Sylvia Wynanda Seegrist (born July 31, 1960) is an American mass murderer who on October 30, 1985, opened fire at the Springfield Mall, a shopping mall in Springfield, Delaware County, Pennsylvania, a suburb of Philadelphia. Seegrist killed three people and wounded seven others before being disarmed by a man who was shopping at the mall. The individuals killed included two men and a two-year-old boy.

Seegrist was 25 years old and had been diagnosed with paranoid schizophrenia ten years earlier. Having been committed and discharged from mental care several times, her case stimulated discussion about the state's authority to commit at-risk people into mental care facilities versus individual rights.

Troubled past 
At Sylvia Seegrist's trial, her mother Ruth testified that her daughter's paternal grandfather fondled and exposed himself in front of Sylvia when she was 8 years old, and that Ruth had not learned about the sexual abuse until Sylvia was 13. When the two discussed the abuse, Seegrist reportedly told her mother that she didn't know "how intimate our relationship was."

Seegrist was first hospitalized at the age of sixteen, and was diagnosed with schizophrenia. She was hospitalized a dozen times and, upon each discharge, psychiatrists diagnosed that she no longer posed a risk to herself or others.

When she was of age, Seegrist attempted to enlist in the U.S. Army.

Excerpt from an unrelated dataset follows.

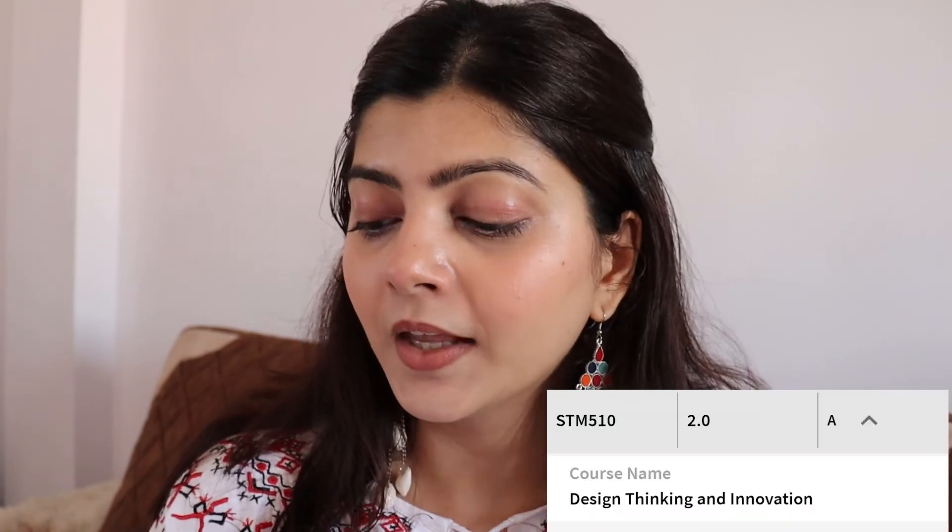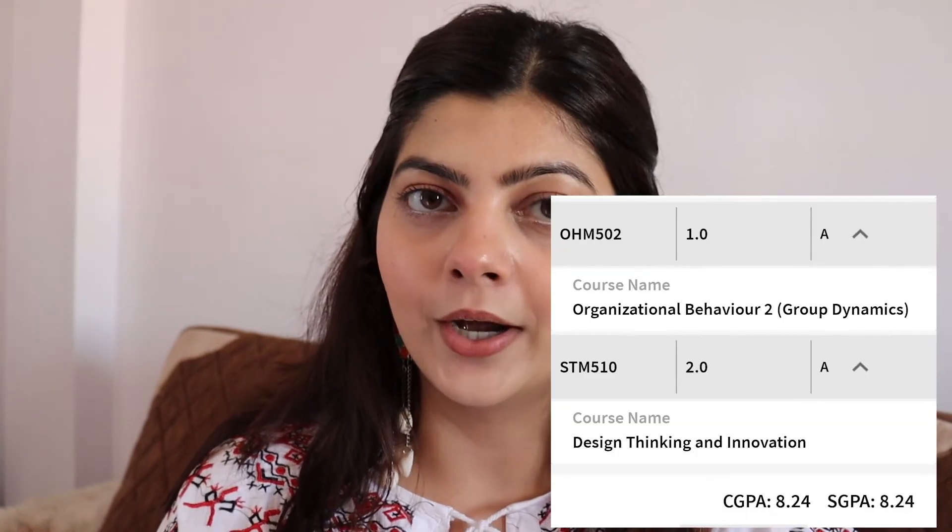The last subject is Design Thinking and Innovation. This was a really interesting subject — you have to create startup ideas and think creatively. As the name suggests, you are taught how to become innovative, how to innovate, and how to go through that whole curve of innovation. It was a very good subject for me and I got an A grade again. My total CGPA is 8.24 right now, as you can see on your screens.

As she was being inducted, she faced harassment from other members of her platoon, who assumed she was a lesbian; they set her up on a prank date and made her the butt of many jokes thereafter. Seegrist spent a good deal of time at the Springfield Mall, harassing customers and making statements about how "good" other spree killings were, such as the 1984 San Ysidro McDonald's massacre. She was discharged from the Army after two months because of her unusual behavior, which included sitting fully dressed in green fatigues at the spa and sauna of her fitness club. An instructor at the fitness club said "she hated everyone and would often talk about shooting and killing people".

Seegrist's behavior was so disconcerting that clerks at a local K-Mart told her they had no rifles in stock when she tried to purchase one from them. She eventually purchased a Ruger 10/22 at another store.

Shootings 

On the first of two trips to the Springfield Mall on the day of October 30, 1985, Seegrist shopped for Halloween items at a party store. She then worked out at a fitness club, before returning to the mall for the last time.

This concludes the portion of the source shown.